*WHAT YOU ARE ASKED TO DO*. Among the records below, find the line with "Champagne Gold Dress" and the line with "145 Cedar Shade LN, Bastrop, TX 78602". Set down both and every line between, exactly and with no pictures, but nothing else.

*SOURCE MATERIAL*.

%%

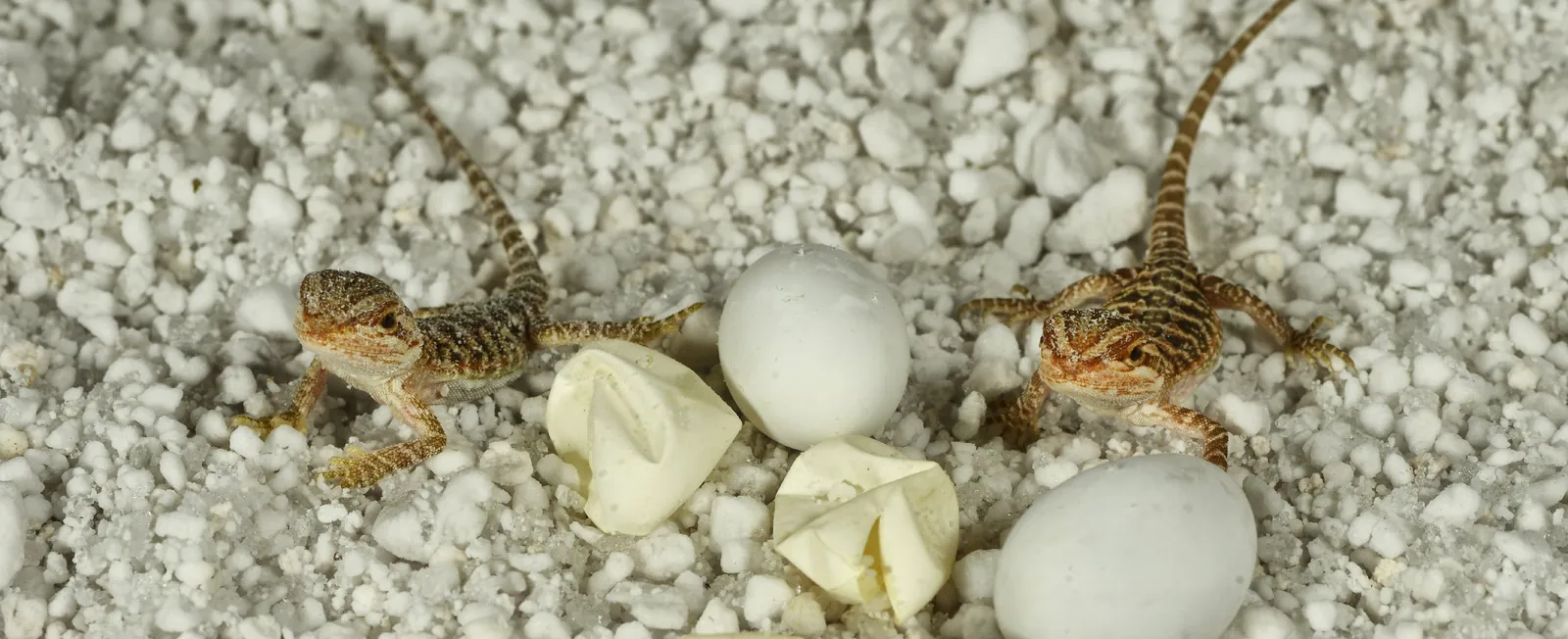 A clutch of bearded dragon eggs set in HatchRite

%%
%%

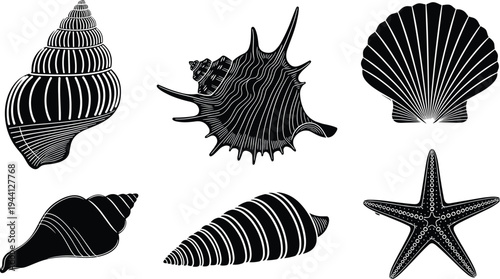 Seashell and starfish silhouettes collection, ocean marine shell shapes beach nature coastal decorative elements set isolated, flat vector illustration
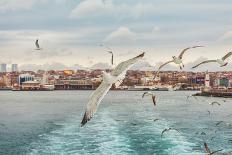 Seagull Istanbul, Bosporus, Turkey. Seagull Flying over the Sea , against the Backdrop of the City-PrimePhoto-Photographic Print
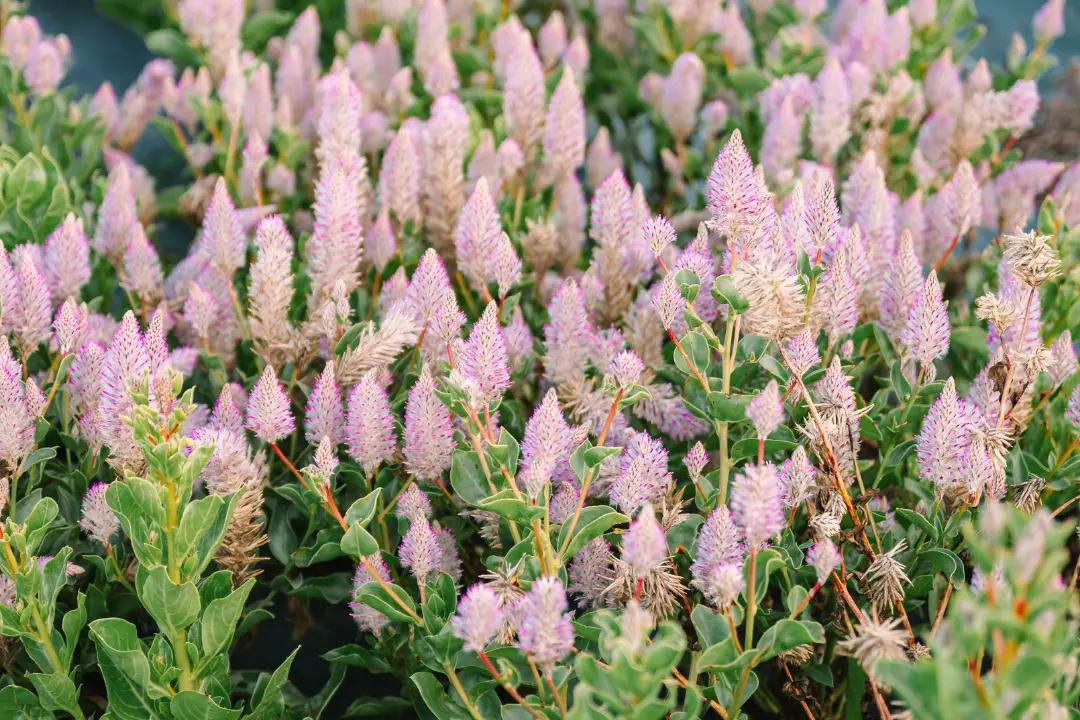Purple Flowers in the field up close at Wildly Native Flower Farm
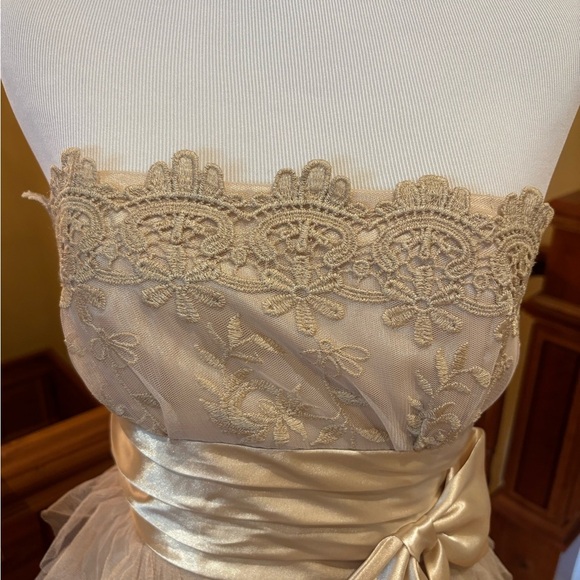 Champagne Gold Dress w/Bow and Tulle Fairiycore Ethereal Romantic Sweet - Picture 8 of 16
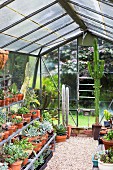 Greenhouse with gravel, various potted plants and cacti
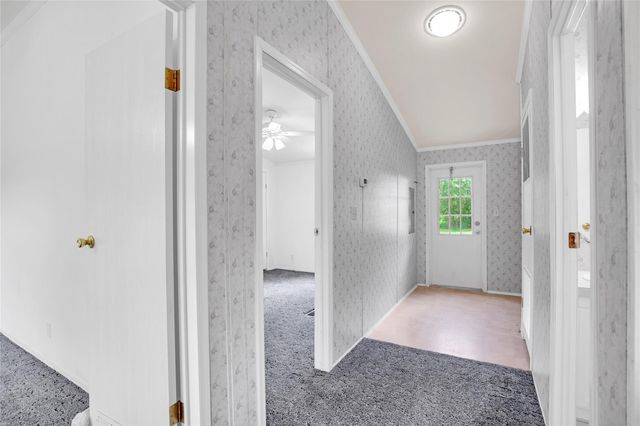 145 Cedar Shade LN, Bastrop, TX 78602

%%
%%

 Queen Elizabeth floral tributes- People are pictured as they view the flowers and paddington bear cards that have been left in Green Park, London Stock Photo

%%

*THE COMPLETED TASK*.
 Champagne Gold Dress w/Bow and Tulle Fairiycore Ethereal Romantic Sweet - Picture 8 of 16
 Greenhouse with gravel, various potted plants and cacti
 145 Cedar Shade LN, Bastrop, TX 78602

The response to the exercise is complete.